In FIG. 3, the load spring 2 including the emboss 5 is movable in the Y direction by an actuator 8 (not shown). At this time, the floating head slider 3 (not shown) is constantly floating above the magnetic disk medium 9. Here, the depth of the embossment 5 gradually increases along the Y axis from one end to the other, so that at one end of the embossment 5, the portion of the embossment 5 included in the load spring 2 is separated from the magnetic disk medium 9. The height up to the end is hl, and the height at the other end is h2. Further, a floating head support holding mechanism 10 is installed outside the magnetic disk medium 9, and the height of the upper surface of this floating head support holding mechanism from the magnetic disk medium 9 is defined by h3.
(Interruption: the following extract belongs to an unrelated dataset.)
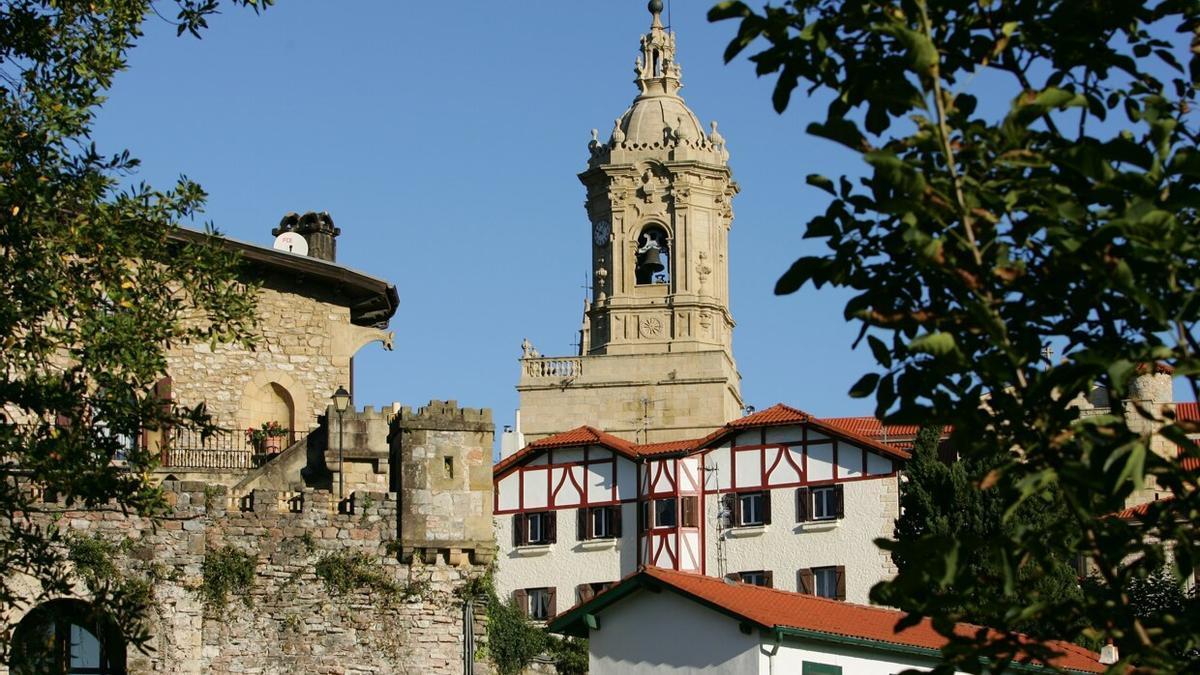 Vista del casco histórico de Hondarribia.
Here, if the height hl is larger than the height h3 and the height h2 is smaller than the height h3, when the load spring 2 moves in the Y direction, the emboss 5 and the floating head As the load spring 2 comes into contact with the upper surface of the support holding mechanism 10 and further moves in the Y direction, the load spring 2 also moves in the Z direction in the figure, as shown in FIG. When the load spring 2 moves in the Z direction along the surface shape of the embossing 5, the floating head slider 3 (also not shown), which is connected to the load spring 2 via the gimbal spring 1 (not shown), moves in the Z direction. The floating hent slider 3 is forcibly displaced, and as a result, the floating hent slider 3 is uncoded from the magnetic disk medium 9.

Furthermore, by reversing this sequence of operations, the floating head slider 3 is loaded onto the magnetic disk medium 9.

Therefore, the surfaces of the floating head slider 3 and the magnetic disk medium 9 can always be kept non-contact, and therefore, the C3S
At the same time, it is possible to avoid frictional wear and adsorption problems related to
The risk of head crash caused by dust in the atmosphere can be significantly reduced.

It goes without saying that the embossing provided on the load spring used in the present invention may have a shape and depth appropriate to the device.

〔Effect of the invention〕

By using the floating head load/unload mechanism of the present invention, it is possible to avoid the problems of frictional wear and adsorption between the floating head slider and the magnetic disk medium related to C5S, and therefore the generation of dust in the atmosphere in the magnetic disk drive. can be suppressed to a minimum, greatly reducing the risk of head crashes.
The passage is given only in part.